Kyle Curinga

Personal information
- Date of birth: December 30, 1993 (age 31)
- Place of birth: Clearwater, Florida, United States
- Height: 6 ft 1 in (1.85 m)
- Position(s): Defender

Team information
- Current team: KPV
- Number: 12

College career
- Years: Team / Apps / (Gls)
- 2012: Florida Atlantic Owls / 8 / (0)

Senior career*
- Years: Team / Apps / (Gls)
- 2014–2015: GBK / 50 / (4)
- 2016: FF Jaro / 21 / (1)
- 2017: Real Monarchs / 26 / (2)
- 2018: Tampa Bay Rowdies / 4 / (0)
- 2019: Hartford Athletic / 22 / (0)
- 2020–: KPV / 82 / (6)

= Kyle Curinga =

American professional soccer player

Kyle Curinga (born December 30, 1993) is an American professional soccer player who plays as a defender for KPV.

==Career==
===College===
Curinga played college soccer as a midfielder at Florida Atlantic University for a single season in 2012.

===Professional===
Curinga moved to Finland, originally with GBK, and spent the 2016 season with FF Jaro. He moved back to the United States in 2017, signing with United Soccer League side Real Monarchs in March. Curinga was released by the Monarchs at the end of the 2017 season.

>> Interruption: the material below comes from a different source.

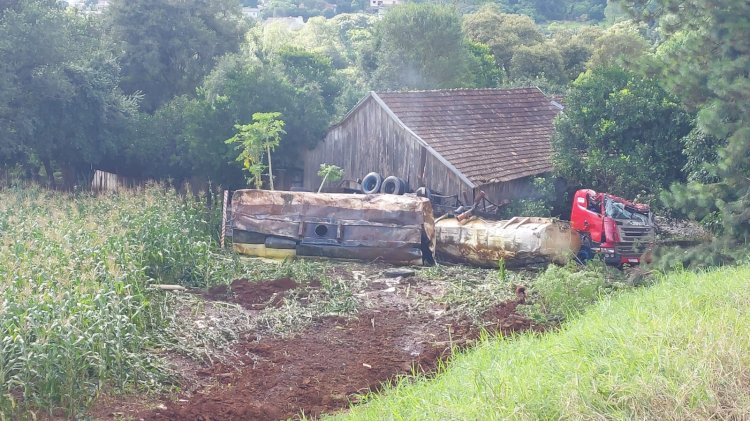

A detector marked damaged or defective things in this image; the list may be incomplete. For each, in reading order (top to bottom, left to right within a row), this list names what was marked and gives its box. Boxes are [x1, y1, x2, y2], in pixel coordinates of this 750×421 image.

rusted metal panel [232, 189, 438, 264]
rusted metal panel [434, 217, 580, 266]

On January 9, 2018, Curinga was signed by his hometown team, the Tampa Bay Rowdies. Curinga had trialed with the Rowdies in early 2017, starting in the team's first preseason match of the year against VfL Wolfsburg as part of the 2017 Florida Cup.

On 30 January 2019, Curinga joined USL Championship expansion club Hartford Athletic.

Ahead of the 2020 season, Curinga joined Finnish team KPV. He scored his first goal in a 2020 Finnish Cup group stage match vs. FF Jaro on February 8, 2020.